Isdore Guvamombe Reflections
One Friday afternoon in September 2008, I left Harare for the proverbial land of milk, honey and dust, Guruve.
As the routine for many people of Mashonaland Central Province, I stopped over the popular food court along Mazowe Road for my last shopping.
Inside the food court, there was a disorderly queue of clients at the pizza section.
There were not more than 10 clients though, but it seemed hard to follow an orderly streak to the buying point.
The manager decided to put order and straighten up the queue.
On the tail of the line, one tallish man was reading a book and seemed not in a hurry.
Clad in a pair of jeans, a grey T-shirt and a cap, he graciously obeyed the instructions, but between him and me one was supposed to be in front of the other.
I chugged my Coke.
Using hand gestures, I offered him to be in front, but he backed off and offered me using the same gesture, his book in one hand.
I insisted, and he insisted.
“Go in front our Villager. I will come after you,” he said in a deep groggy voice.

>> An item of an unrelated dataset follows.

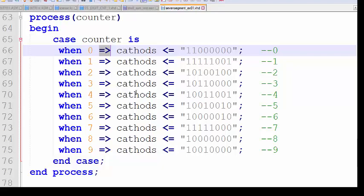This is the process you need to implement in your 7-segment display interfacing. Whenever the counter value changes from 0 to 9 it will accordingly change the cathode terminal value. It is kind of a lookup table in VHDL.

The Villager being the popular sobriquet I am known within many circles. I looked up, only to realise it was Air Marshal Perrance Shiri.
I chugged my coke again.
In our previous encounters, I had called him Horomba, the big baboon, because he was a Mukanya or Soko totem, the same totem with my mother.
We officially exchanged greetings and laughed off the confusion, then started talking.
After paying, we sat by a table, waiting for the pizzas.
The court seemed to have problems with the dough, so we had to wait a little bit longer. But we only got that information after buying, against customer courtesy.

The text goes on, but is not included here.